The author Roy AM Haast is supported by a BrainsCAN postdoctoral fellowship for this work. Scanning was carried out at Scannexus B.V., Maastricht, The Netherlands.

References

[1] Squire, L. R., et al. (2004) Annu. Rev. Neurosci. 27, 279–306. [2] Spallazi et al. (2019) Neuroimage Clin. 2019;21:101609. [3] Perosa et al. (2020) Brain 2020 Feb 1;143(2):622-634. [4] Ivanov et al. (2017) Magn Reson Med. Jul;78(1):121-129. [5] Polimeni et al. (2016) Magn Reson Med. Feb;75(2):665-79. [6] Alsop et al. (2015) Magn Reson Med. Jan;73(1):102-16. [7] Yushkevich et al. (2016) Alzheimer's & Dementia: The Journal of the Alzheimer's Association, 12(7), pp.P126-P127. [8] Yushkevich et al. (2006) Neuroimage. Jul 1;31(3):1116-28. [9] Bernier et al. (2018) Hum Brain Mapp. Dec;39(12):4962-4975. [10] Ritter et al. (2011) IEEE Pulse. 2(6):60-70. [11] DeKraker et al. (2018) Neuroimage. Feb 15;167:408-418.

Figures

Volumetric (A), surface (B) and unfolded (C) perfusion-weighted images for both left (‘L’) and right (‘R’) hemispheres from two subjects. White outlines demarcate the hippocampal region in A and subfields in B and C. Corresponding hippocampal distribution plots are displayed in D with average perfusion-weighted signals represented as vertical dashed lines.

Across subjects average (A) perfusion-weighted (left) and perfusion (right) flatmaps. Subfield-specific averages, per subject and hemisphere, are shown in B for both perfusion-weighted (left) and perfusion metrics (right). Semi-transparent points show vertex-wise averages. Across subjects average perfusion-weighted signal (left) and standard variation (right), as a function of number of included runs and separated per subfield (colored lines) are displayed in C.

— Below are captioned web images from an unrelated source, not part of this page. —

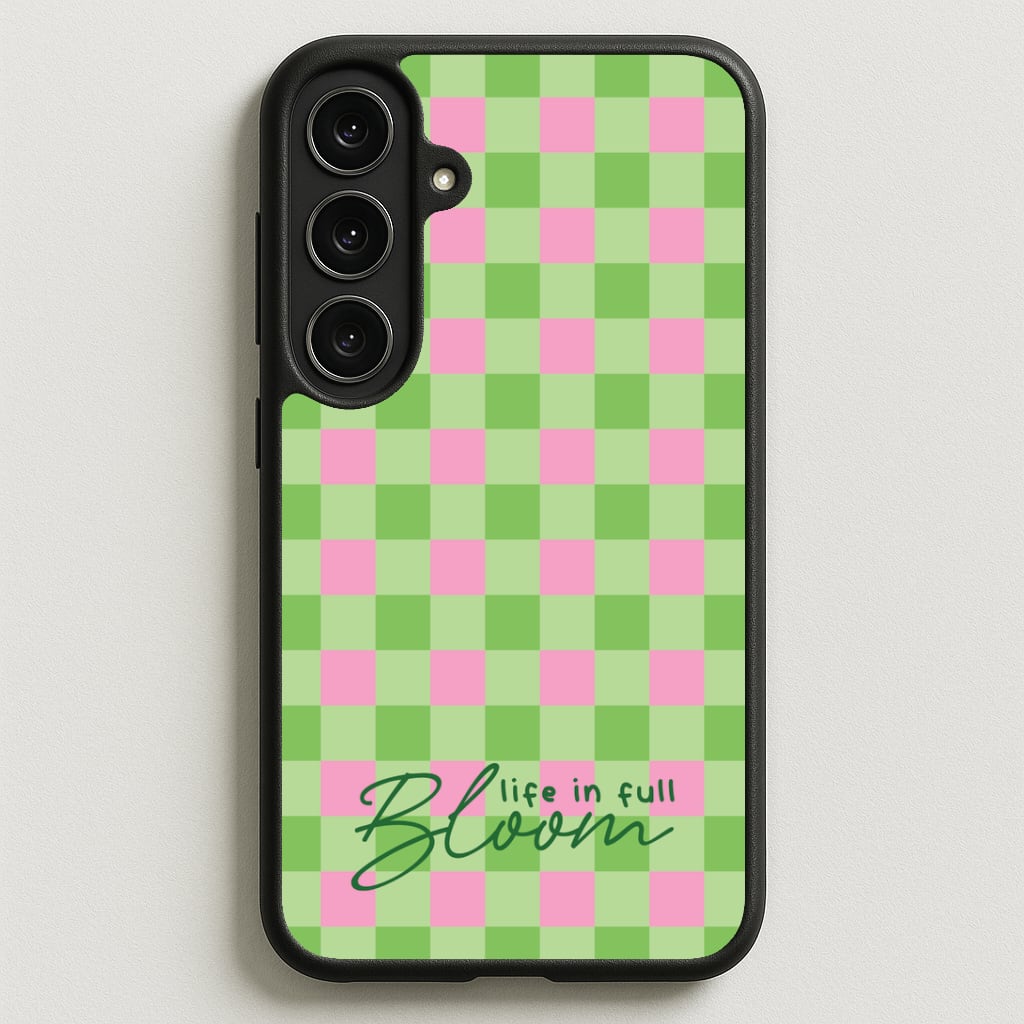 Life In Full Bloom Checkered Phone Case for Galaxy S25FE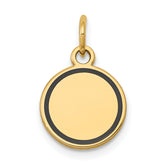 14k w/Enamel .027 Gauge Circular Engravable Disc Charm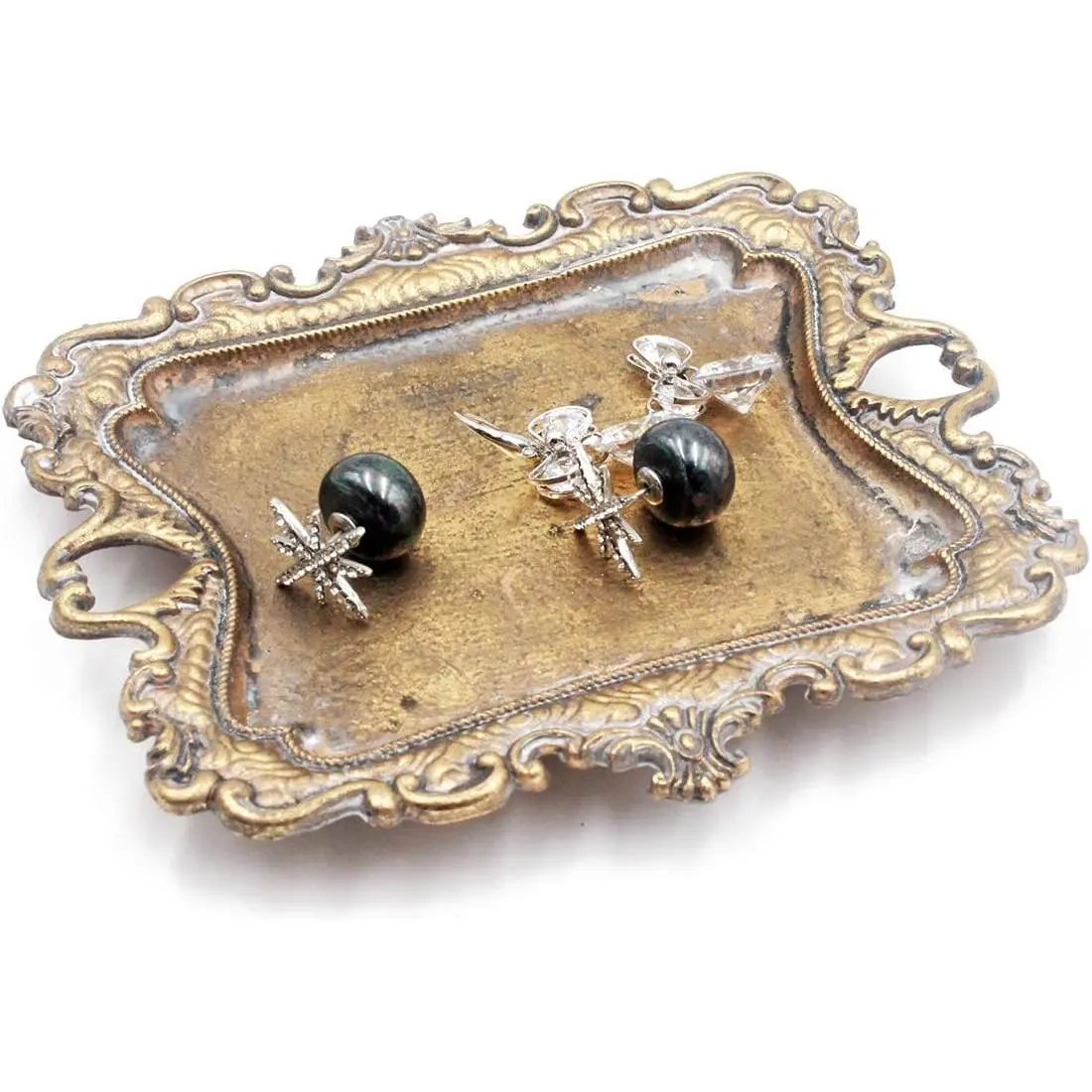 Single Distressed Antique Trinket Dish Organiser - Vintage Gold Metal Jewelry Tray, Tray Stand Jewelry Boxes & Organizers, 5.3 x 3.5 x 1.2 inches Home Supplies Storage Accessory for Flatlays, Ring Holder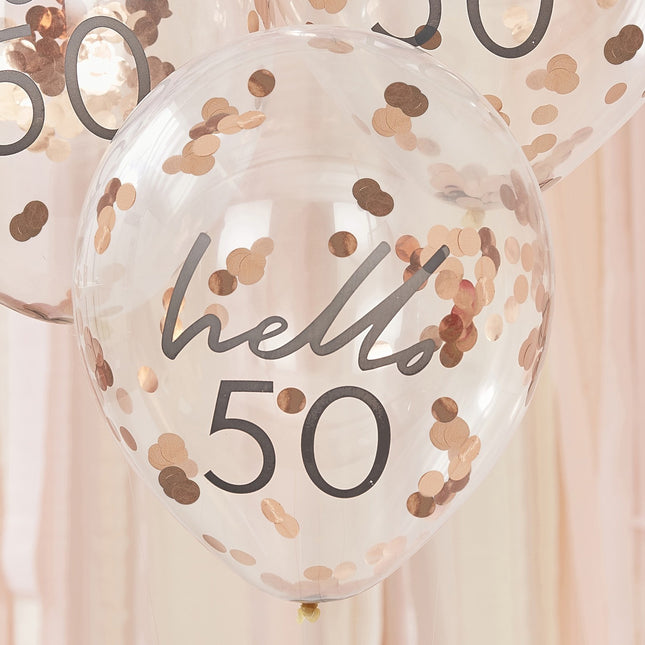 Rose Gouden Confetti Ballonnen 50 Jaar 30cm 5st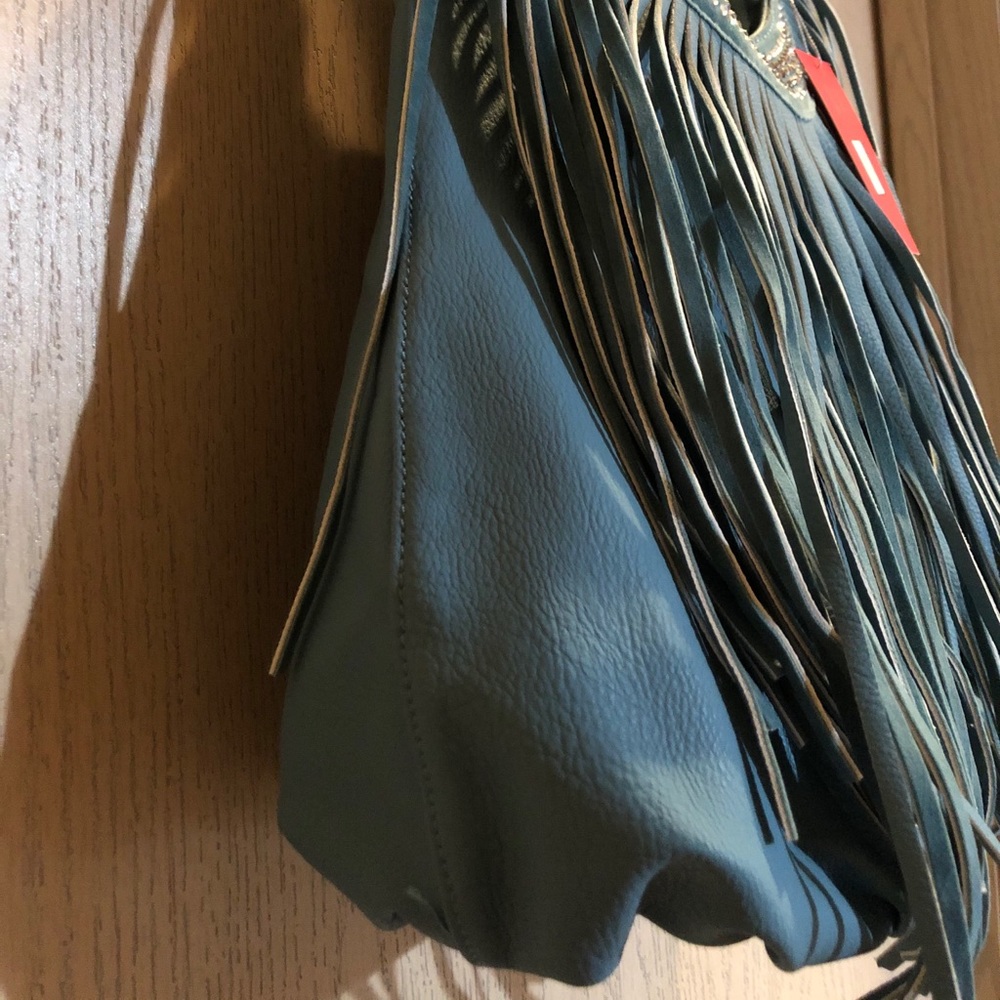 💙Sasha Vieta Aqua Vegan Leather Fringe Bag - Picture 5 of 16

Single-subject hippocampal macrovasculature (A) with distance to closest vessel mapped onto the hippocampal surface whereas the vasculature reconstruction is color-coded for vessel diameter. Average distance (left) and diameter (right) flatmaps are shown in B and subject-specific averages in C. Semi-transparent points show vertex-wise averages.

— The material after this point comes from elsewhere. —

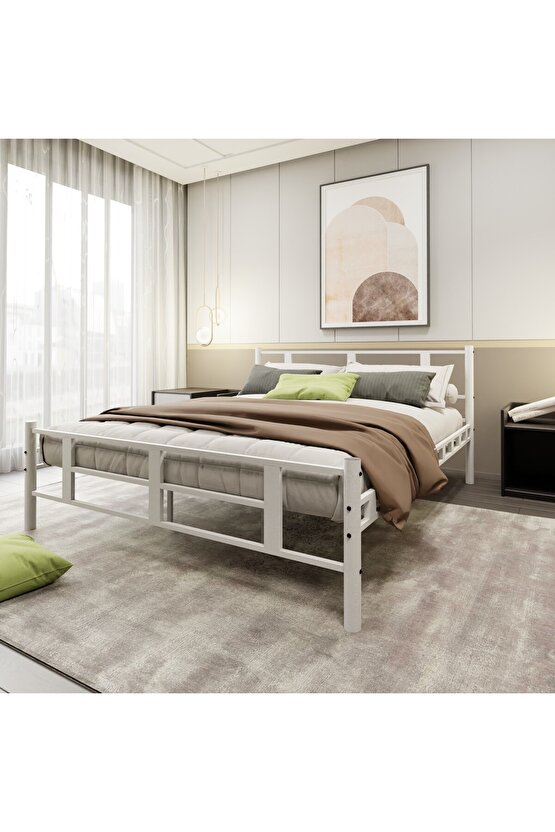 Lotus Çift Kişilik Metal Karyola A Kalite, Ses Çıkarmaz ,Ölçülü Model Karyola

Correlation analyses between vertex-wise perfusion-weighted average across-subjects (A, y-axis), standard variation (B, y-axis) and distance (x-axes). Marginal plots show distribution for the metric displayed along that axis. Points are color-coded based on the diameter of most nearby vessel. Overlaid solid and dashed lines indicate corresponding best fits for each category of diameter.